The records ▸
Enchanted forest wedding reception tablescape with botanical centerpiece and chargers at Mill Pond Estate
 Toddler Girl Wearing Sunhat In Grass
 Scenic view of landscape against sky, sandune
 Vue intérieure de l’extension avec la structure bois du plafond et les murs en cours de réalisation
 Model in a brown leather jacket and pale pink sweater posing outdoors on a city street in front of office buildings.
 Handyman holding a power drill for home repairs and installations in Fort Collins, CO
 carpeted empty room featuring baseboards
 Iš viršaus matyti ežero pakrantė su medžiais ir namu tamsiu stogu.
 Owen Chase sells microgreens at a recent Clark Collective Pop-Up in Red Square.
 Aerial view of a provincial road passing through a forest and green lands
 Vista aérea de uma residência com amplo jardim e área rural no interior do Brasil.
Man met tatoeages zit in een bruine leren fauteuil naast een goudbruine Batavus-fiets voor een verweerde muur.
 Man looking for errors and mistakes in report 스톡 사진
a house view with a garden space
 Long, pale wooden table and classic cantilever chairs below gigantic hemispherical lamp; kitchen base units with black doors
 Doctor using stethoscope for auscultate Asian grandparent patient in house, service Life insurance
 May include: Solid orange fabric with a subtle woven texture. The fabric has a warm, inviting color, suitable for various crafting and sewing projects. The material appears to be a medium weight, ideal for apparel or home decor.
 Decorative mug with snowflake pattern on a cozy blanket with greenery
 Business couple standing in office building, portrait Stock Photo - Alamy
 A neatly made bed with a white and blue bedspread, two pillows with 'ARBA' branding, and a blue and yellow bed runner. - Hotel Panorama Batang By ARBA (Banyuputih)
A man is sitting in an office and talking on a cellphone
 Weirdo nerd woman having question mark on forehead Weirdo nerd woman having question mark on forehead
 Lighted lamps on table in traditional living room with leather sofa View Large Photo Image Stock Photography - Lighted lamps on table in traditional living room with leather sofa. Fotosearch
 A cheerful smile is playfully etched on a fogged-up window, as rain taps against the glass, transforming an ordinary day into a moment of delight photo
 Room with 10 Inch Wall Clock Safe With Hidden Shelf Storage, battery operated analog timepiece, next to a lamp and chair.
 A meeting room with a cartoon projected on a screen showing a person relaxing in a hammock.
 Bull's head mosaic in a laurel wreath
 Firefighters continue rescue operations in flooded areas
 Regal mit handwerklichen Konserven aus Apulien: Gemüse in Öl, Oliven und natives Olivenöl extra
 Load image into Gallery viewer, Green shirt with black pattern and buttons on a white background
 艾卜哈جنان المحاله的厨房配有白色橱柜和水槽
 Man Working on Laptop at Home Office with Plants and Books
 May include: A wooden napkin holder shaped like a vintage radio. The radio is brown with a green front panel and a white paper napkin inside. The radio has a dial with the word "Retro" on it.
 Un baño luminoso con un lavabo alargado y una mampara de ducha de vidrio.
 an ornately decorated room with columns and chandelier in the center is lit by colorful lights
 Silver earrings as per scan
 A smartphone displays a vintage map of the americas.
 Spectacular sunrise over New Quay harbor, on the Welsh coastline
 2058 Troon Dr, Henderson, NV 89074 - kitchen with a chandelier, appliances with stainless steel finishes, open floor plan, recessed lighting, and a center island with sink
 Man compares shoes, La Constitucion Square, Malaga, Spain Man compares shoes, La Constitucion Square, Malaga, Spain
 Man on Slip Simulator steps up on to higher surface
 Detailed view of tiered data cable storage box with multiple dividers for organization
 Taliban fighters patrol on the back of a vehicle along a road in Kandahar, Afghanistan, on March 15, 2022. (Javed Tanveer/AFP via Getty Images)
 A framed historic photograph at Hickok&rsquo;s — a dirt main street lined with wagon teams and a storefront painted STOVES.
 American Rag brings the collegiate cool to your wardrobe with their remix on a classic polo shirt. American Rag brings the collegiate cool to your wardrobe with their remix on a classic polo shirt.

Problem to work on ▸ Starting at the line with "Handyman holding a" and ending at the line with "Doctor using stethoscope", print each line of the listing above exactly, with no other lines.

Output of the task ▸
 Handyman holding a power drill for home repairs and installations in Fort Collins, CO
 carpeted empty room featuring baseboards
 Iš viršaus matyti ežero pakrantė su medžiais ir namu tamsiu stogu.
 Owen Chase sells microgreens at a recent Clark Collective Pop-Up in Red Square.
 Aerial view of a provincial road passing through a forest and green lands
 Vista aérea de uma residência com amplo jardim e área rural no interior do Brasil.
Man met tatoeages zit in een bruine leren fauteuil naast een goudbruine Batavus-fiets voor een verweerde muur.
 Man looking for errors and mistakes in report 스톡 사진
a house view with a garden space
 Long, pale wooden table and classic cantilever chairs below gigantic hemispherical lamp; kitchen base units with black doors
 Doctor using stethoscope for auscultate Asian grandparent patient in house, service Life insurance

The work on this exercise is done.